Segment Start: Supplied information

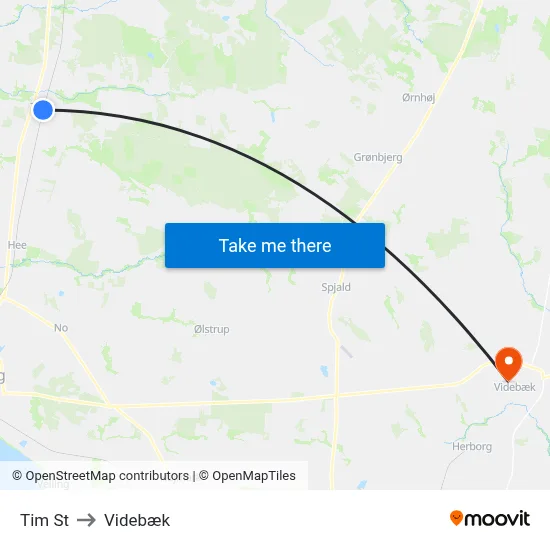 Tim St to Videbæk map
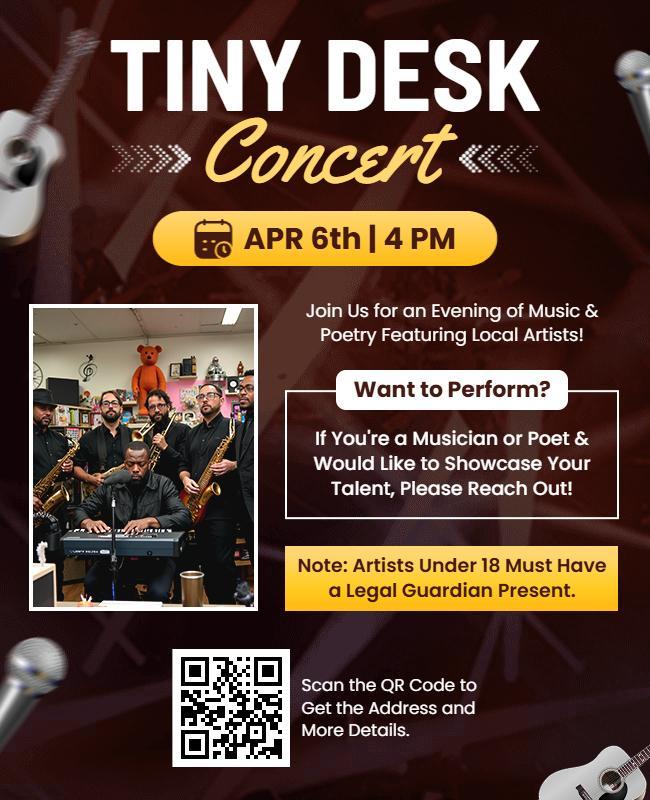 Tiny Desk Concert Announcement Flyer Template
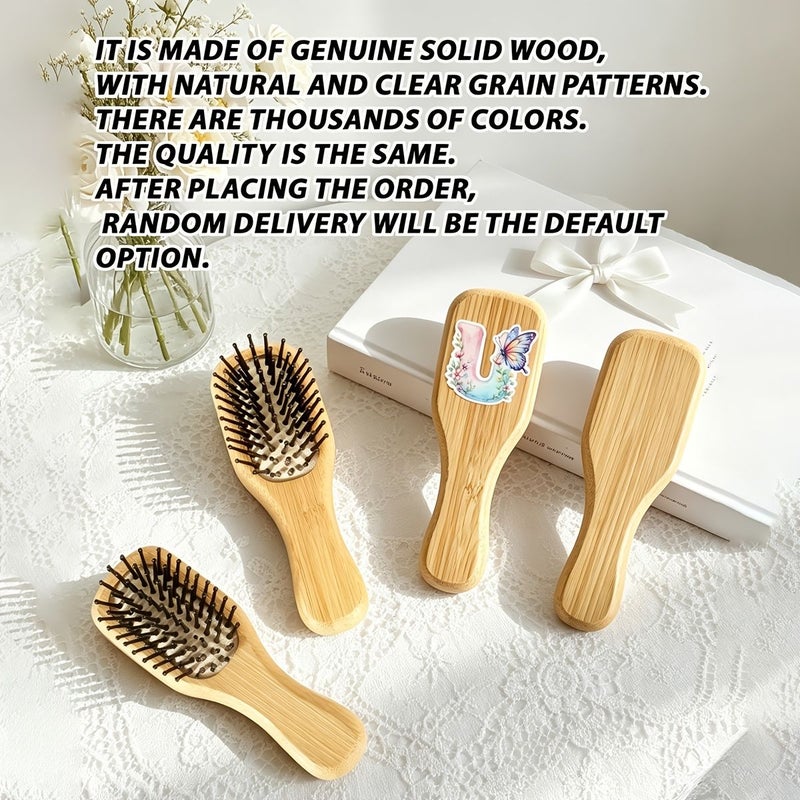 1pc Small Air Cushion Comb Natural Bamboo Wood Letter Print Detangling Hairbrush with Rounded Teeth For Long And Curly Hair Portable Home Hair Styling Tool - Image 3
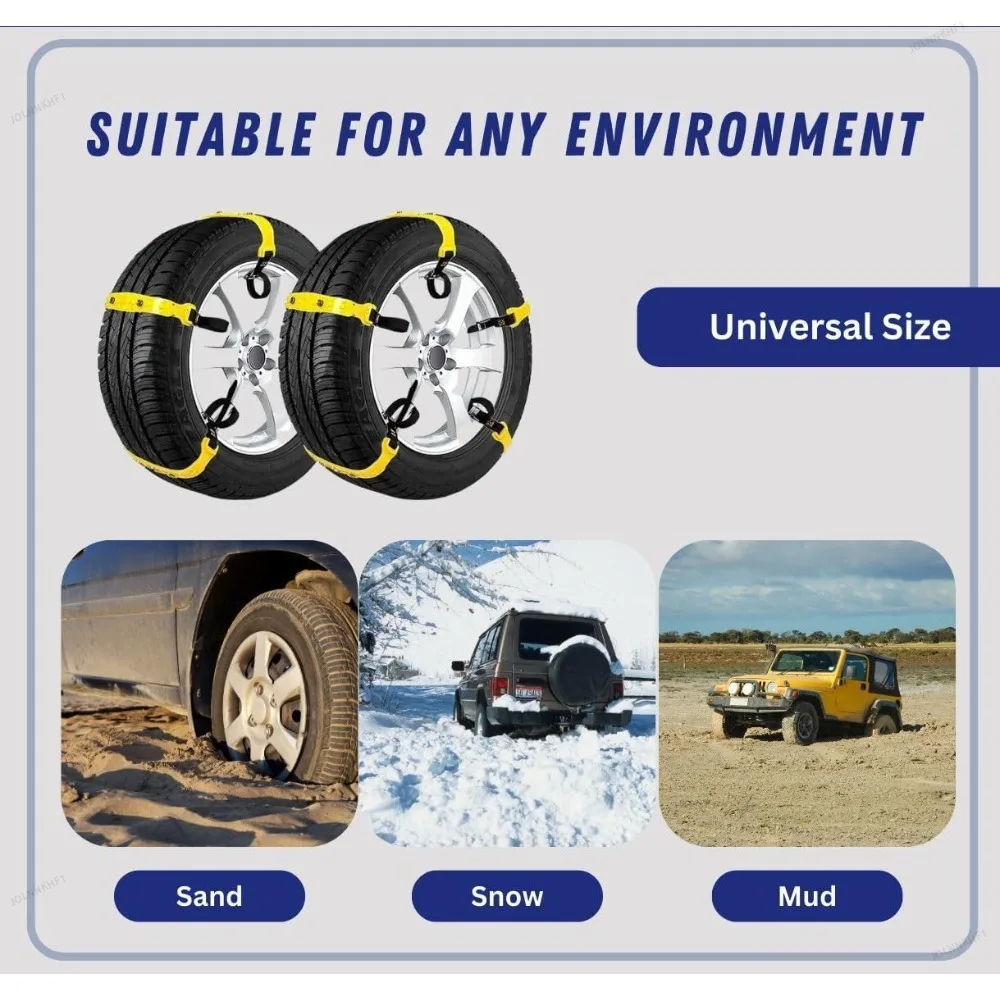 Car Snow Chains Anti-slip Tire Chains SUV Snow Tire Cables Emergency Car Chains Car Snow Cables Truck Tire Grip Straps Traction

Segment End: Supplied information

■ **Directions for this task**: Return every line of the data above exactly, and omit all pictures.

■ **Finished exercise**:
 Tim St to Videbæk map
 Tiny Desk Concert Announcement Flyer Template
 1pc Small Air Cushion Comb Natural Bamboo Wood Letter Print Detangling Hairbrush with Rounded Teeth For Long And Curly Hair Portable Home Hair Styling Tool - Image 3
 Car Snow Chains Anti-slip Tire Chains SUV Snow Tire Cables Emergency Car Chains Car Snow Cables Truck Tire Grip Straps Traction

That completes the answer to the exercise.